Here’s Adrian’s take on it (thanks to BenLaMothe for the link:
Clay Shirky’s irritatingly trite post (you find it – Clay doesn’t believe in hyperlinking on his blog) deserves an equally irritating and trite response.
But in the spirit of pedantry, let’s just pick on one of his small but sweeping asides:
“The Wall Street Journal has a paywall, so we can too!” (Financial information is one of the few kinds of information whose recipients don’t want to share.)
(God put his commandments on tablets of stone, Shirky hides them in parentheses.)
What is it about financial information that makes its recipients so lacking in the reciprocity department? I mean precisely what exclusive, actionable information is lurking behind that Wall Street Journal paywall?
And what masonic financial secrets are revealed by premium subscription access (a bonus-busting £3.99 a week) to the Financial Times’ Lex column? Does Martin Wolf also tip stocks?
Are people really trading off this stuff?
You know the answer, and it’s not what Shirky implies.
The reason these papers can charge subscribers is because their readers make up a community that uses the content to orient themselves in what you might call (if you were the kind of person who liked making up these terms) the topography of professional information.

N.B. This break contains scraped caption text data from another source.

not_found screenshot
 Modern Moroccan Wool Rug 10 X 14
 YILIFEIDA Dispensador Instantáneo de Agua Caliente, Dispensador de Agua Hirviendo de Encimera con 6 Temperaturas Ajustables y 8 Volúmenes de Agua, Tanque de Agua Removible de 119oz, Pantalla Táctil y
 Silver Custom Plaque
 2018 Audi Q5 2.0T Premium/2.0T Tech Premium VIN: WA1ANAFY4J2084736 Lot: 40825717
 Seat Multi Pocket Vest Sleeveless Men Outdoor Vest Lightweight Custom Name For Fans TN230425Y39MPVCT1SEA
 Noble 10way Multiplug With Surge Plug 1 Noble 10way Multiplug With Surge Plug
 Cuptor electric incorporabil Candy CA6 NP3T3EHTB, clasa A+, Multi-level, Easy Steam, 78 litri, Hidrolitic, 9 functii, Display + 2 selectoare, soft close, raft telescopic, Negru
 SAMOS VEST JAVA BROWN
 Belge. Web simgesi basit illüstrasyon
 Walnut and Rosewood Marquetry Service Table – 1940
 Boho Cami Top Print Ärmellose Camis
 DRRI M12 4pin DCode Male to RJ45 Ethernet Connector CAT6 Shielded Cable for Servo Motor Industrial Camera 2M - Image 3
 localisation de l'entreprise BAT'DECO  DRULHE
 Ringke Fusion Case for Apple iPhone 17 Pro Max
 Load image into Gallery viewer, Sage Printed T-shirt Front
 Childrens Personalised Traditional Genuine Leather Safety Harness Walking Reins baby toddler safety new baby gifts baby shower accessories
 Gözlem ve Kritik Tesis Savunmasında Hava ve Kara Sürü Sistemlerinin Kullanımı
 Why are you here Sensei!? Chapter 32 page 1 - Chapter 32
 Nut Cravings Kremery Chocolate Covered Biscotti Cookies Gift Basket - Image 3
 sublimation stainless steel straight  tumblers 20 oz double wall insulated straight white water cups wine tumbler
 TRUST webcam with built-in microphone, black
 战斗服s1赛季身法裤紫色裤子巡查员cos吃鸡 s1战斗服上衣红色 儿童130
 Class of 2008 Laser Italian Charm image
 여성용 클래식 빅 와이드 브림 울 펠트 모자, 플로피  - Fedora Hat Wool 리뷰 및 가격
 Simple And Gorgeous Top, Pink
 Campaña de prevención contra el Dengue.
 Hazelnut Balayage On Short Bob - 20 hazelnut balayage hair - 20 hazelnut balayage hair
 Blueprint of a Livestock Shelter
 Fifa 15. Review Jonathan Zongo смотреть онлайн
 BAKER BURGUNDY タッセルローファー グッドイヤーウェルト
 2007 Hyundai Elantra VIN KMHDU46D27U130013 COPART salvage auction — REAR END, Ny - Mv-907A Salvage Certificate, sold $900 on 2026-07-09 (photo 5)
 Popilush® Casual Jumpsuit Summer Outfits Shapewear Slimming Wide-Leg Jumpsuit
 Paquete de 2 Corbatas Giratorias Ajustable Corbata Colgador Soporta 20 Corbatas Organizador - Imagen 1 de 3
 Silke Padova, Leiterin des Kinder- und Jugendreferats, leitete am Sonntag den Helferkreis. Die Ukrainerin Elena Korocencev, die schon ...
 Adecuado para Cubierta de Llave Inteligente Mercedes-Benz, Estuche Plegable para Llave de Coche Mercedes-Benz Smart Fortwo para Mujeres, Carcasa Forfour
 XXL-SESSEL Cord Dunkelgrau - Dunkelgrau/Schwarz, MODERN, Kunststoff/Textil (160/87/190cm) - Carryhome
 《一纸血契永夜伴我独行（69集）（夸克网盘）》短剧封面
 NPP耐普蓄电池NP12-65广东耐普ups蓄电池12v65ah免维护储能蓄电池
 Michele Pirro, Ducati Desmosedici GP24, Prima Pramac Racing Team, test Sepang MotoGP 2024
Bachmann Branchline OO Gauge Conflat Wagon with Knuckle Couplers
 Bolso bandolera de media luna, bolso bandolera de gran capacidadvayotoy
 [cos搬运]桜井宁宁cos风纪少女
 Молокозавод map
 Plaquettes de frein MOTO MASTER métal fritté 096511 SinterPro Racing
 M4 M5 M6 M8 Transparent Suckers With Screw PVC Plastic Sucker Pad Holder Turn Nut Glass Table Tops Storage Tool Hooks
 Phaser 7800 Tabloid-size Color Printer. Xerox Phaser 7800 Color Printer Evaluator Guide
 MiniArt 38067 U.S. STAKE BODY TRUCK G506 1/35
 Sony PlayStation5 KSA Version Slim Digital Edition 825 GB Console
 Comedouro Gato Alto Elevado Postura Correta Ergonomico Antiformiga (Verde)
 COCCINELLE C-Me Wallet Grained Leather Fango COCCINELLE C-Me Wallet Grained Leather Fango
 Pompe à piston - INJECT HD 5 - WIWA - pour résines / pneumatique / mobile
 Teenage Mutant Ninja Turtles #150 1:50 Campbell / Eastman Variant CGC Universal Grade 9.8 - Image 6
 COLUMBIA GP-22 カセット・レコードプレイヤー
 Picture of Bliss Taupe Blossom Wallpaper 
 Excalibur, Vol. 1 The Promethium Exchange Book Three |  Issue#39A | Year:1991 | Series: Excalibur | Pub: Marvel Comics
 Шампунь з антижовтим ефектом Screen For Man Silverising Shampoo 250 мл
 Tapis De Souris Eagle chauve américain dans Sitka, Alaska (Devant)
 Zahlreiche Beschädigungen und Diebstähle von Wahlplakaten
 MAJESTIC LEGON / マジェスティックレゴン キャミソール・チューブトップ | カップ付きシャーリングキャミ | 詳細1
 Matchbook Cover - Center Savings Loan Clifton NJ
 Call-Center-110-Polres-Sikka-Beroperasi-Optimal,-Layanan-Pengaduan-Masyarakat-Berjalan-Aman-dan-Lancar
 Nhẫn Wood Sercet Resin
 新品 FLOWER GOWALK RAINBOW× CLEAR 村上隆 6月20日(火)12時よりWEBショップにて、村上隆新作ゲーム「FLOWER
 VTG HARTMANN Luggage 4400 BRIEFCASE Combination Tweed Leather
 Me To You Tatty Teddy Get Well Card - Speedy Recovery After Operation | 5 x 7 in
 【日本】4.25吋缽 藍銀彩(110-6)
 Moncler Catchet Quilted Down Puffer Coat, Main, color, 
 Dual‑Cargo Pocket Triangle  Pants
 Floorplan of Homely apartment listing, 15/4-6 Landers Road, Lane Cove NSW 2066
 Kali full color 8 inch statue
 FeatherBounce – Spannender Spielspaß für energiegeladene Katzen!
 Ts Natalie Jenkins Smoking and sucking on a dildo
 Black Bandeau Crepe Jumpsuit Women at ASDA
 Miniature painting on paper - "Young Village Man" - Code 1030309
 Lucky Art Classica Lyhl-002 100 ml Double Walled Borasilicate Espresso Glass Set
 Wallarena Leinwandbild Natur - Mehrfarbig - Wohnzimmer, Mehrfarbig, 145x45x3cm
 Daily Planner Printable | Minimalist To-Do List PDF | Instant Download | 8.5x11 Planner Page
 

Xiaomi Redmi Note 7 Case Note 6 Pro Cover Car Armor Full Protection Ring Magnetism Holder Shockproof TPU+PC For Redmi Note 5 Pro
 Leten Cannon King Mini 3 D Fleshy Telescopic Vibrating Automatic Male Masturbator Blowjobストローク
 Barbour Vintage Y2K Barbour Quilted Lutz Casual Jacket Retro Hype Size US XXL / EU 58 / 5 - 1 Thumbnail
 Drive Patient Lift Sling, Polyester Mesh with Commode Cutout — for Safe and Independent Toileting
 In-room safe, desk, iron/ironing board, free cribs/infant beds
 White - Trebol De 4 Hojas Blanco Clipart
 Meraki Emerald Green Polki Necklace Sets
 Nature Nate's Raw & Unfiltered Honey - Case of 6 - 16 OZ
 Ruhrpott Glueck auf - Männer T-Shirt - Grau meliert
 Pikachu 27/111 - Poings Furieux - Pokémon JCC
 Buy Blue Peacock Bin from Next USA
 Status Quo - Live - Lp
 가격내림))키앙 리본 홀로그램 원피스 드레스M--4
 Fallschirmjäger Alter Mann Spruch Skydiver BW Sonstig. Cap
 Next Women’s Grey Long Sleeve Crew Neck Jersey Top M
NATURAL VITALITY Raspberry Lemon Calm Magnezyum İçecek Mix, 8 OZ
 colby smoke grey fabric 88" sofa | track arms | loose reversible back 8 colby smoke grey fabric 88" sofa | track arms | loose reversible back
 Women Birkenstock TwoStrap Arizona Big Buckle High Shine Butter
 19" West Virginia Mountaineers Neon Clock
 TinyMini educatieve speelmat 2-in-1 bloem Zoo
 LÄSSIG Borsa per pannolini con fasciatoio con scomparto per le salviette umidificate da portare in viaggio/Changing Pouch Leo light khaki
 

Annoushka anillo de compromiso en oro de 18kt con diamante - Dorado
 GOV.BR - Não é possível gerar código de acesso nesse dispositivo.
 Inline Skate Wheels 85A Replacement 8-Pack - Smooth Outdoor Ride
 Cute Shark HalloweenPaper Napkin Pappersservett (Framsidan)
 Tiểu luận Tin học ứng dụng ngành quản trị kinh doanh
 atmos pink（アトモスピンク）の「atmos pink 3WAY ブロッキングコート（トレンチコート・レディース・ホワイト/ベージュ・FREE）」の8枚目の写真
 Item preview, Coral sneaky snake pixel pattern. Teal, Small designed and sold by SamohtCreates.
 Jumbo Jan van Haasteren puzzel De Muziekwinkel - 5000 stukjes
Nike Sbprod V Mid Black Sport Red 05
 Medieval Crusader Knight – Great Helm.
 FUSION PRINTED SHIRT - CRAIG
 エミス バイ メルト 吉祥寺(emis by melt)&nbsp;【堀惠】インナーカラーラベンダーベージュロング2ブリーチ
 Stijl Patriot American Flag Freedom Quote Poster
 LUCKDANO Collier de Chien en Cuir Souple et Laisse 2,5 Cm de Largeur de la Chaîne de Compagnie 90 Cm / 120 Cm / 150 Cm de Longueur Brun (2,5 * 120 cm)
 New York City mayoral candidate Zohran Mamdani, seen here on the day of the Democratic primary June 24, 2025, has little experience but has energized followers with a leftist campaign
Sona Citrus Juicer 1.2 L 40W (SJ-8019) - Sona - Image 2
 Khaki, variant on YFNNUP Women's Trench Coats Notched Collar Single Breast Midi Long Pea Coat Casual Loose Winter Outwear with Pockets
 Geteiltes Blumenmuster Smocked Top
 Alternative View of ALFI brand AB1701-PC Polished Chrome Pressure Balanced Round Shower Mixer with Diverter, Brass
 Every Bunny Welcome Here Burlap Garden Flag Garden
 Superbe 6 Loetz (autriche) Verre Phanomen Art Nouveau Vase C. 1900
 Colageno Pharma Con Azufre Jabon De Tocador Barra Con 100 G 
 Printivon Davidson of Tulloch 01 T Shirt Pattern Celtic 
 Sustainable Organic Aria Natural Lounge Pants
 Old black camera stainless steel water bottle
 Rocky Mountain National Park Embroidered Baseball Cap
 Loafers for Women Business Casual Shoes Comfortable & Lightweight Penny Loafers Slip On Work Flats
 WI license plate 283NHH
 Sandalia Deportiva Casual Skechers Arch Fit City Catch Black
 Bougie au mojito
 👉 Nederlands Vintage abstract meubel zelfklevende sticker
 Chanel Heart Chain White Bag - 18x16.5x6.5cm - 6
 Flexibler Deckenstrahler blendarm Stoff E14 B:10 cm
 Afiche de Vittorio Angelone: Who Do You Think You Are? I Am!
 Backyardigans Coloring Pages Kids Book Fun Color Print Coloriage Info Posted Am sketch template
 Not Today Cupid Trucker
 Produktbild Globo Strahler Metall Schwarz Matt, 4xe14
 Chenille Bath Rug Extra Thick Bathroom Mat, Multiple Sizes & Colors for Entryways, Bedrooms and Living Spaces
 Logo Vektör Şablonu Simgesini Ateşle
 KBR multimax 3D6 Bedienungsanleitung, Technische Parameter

To be direct, there is a value in knowing what everyone else in your community knows in order to place a value on your own particular knowledge.
The WSJ and the FT are promontories in the broad information landscape of their (still) wealthy and educated readership (although not everyone plays ball), who are willing to pay their modest fees for the privilege of reading them online, on the phone or on paper.
So the paywall content is not financial information whose recipients don’t want to share. It’s just good old-fashioned news and comment for finance professionals, read in the knowledge that a lot of other finance professionals will be reading it too and thus making it modestly useful in their everyday working lives.
It doesn’t mean that paywalls will work for everyone. For example, in Hong Kong English-language daily the South China Morning Post has one, but faces free competition from the Standard.
But when an aggressive price-cutter like Rupert Murdoch keeps a paywall in place (for just one of his suite of news products), you know it’s a model that has its niche. It’s just a niche based around a professional community, not around the value of information per se.
So that’s a different explanation to Shirky’s one line dismissal. Different but important.
Adrian has more points to quibble with. You’ll find them here.
Tags: clay shirky, paywalls, WSJ

Pragmatic must be among the nicest things anyone’s ever said about my blog!
Well perhaps that’s something we share. I’m a big fan of pragmatism.